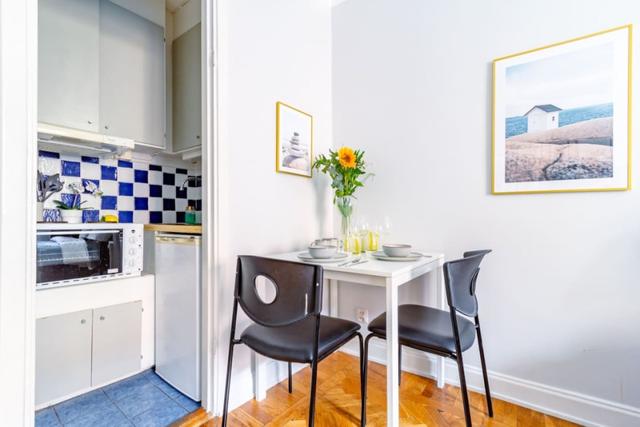 Compact Stockholm apartment at Mariatorget with kitchenette.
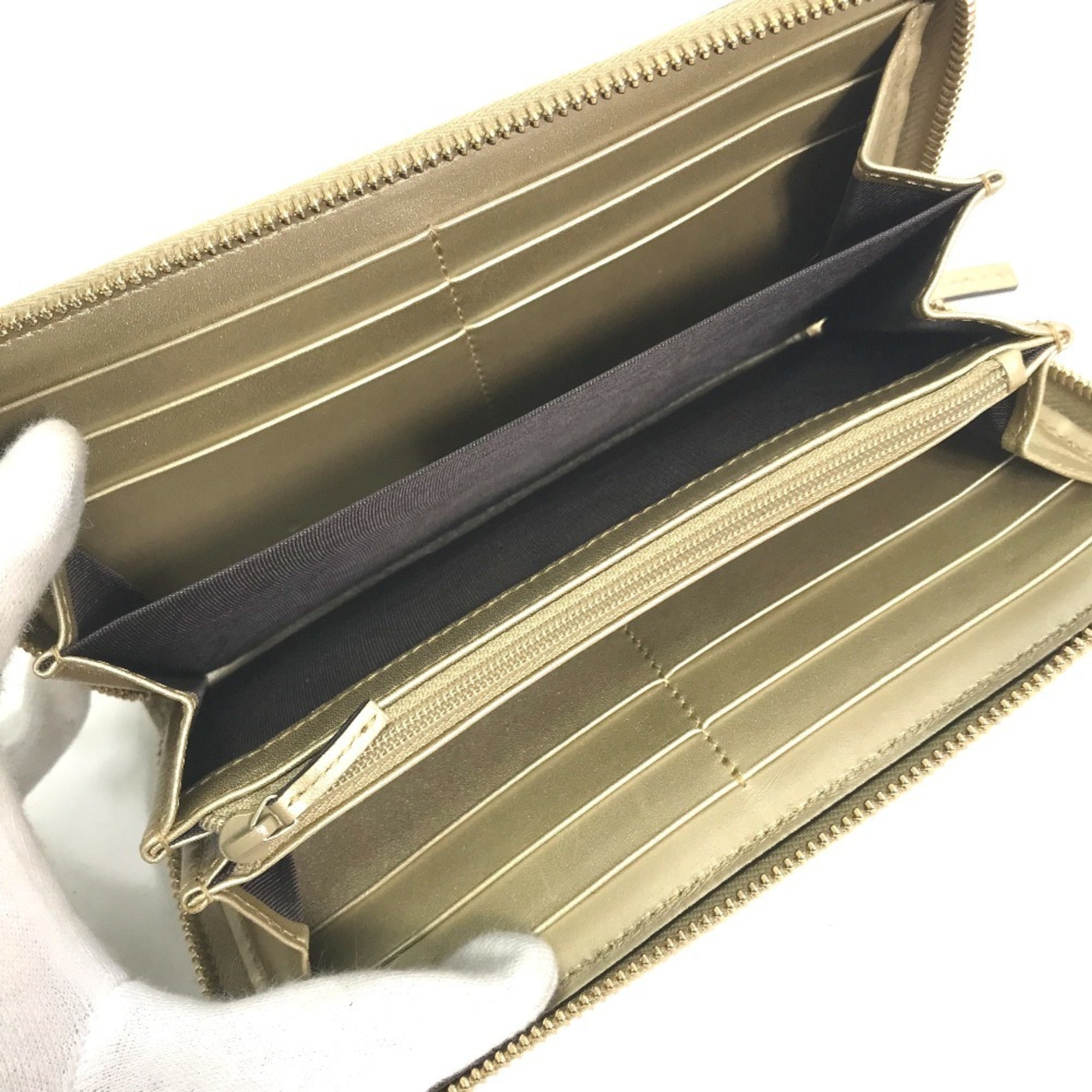 Gucci Gold Leather Long Wallet (Bi-Fold) (Pre-Owned)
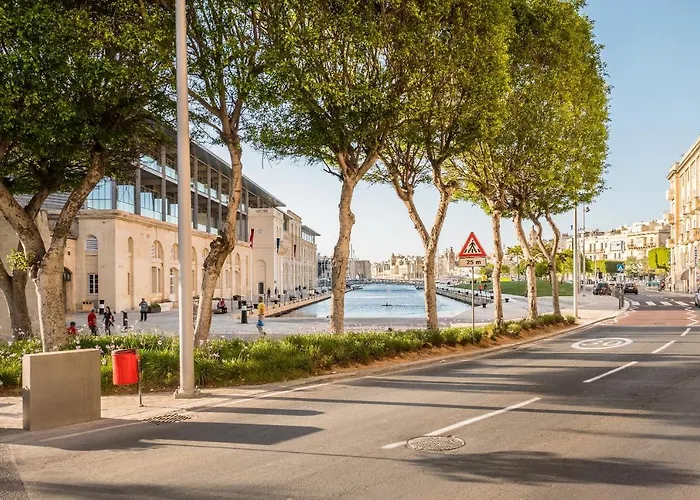 Kharmen A 1565s House With Seaviews Appartement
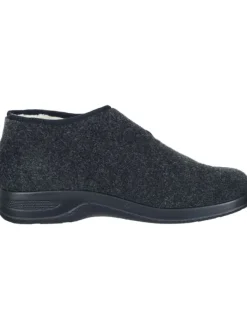 Klassische Hausschuhe in schwarz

= = =

Make an exact reproduction of the listing above, without any pictures.

 Compact Stockholm apartment at Mariatorget with kitchenette.
 Gucci Gold Leather Long Wallet (Bi-Fold) (Pre-Owned)
 Kharmen A 1565s House With Seaviews Appartement
 Klassische Hausschuhe in schwarz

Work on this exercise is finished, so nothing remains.